Additionally I created a format negotiation system for pipes such that for “normal” pipes or other types of output we output textual data, one variant per line. But, if the destination process specifies that it supports it we pass the data in raw binary form.

Then I wrote some standard tools to work on this format, so you can sort, filter, limit, and display variant streams. For example, to get some sample data I wrote a “dps” tool similar to ps that gives typed output.

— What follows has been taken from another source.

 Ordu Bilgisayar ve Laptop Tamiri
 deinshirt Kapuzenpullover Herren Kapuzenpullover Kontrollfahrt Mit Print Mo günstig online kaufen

Running it prints something like:

$ dps
 <{'pid': <uint32 1>, 'ppid': <uint32 0>, 'euid': <uint32 0>, 'egid': <uint32 0>, 'user': <'root'>, 'cmd': <'systemd'>, 'cmdline': <'/usr/lib/systemd/systemd'>, 'cmdvec': <['/usr/lib/systemd/systemd']>, 'state': <'S'>, 'utime': <uint64 38>, 'stime': <uint64 138>, 'cutime': <uint64 3867>, 'cstime': <uint64 1273>, 'time': <uint64 1344635046>, 'start': <uint64 1>, 'vsize': <uint64 61488>, 'rss': <uint64 24408>}>
 <{'pid': <uint32 2>, 'ppid': <uint32 0>, 'euid': <uint32 0>, 'egid': <uint32 0>, 'user': <'root'>, 'cmd': <'kthreadd'>, 'cmdline': <'[kthreadd]'>, 'state': <'S'>, 'utime': <uint64 0>, 'stime': <uint64 1>, 'cutime': <uint64 0>, 'cstime': <uint64 0>, 'time': <uint64 1344635046>, 'start': <uint64 1>, 'vsize': <uint64 0>, 'rss': <uint64 0>}>
 ...

Not super-readable, but its a textual format that you could combine with traditional tools like grep and awk.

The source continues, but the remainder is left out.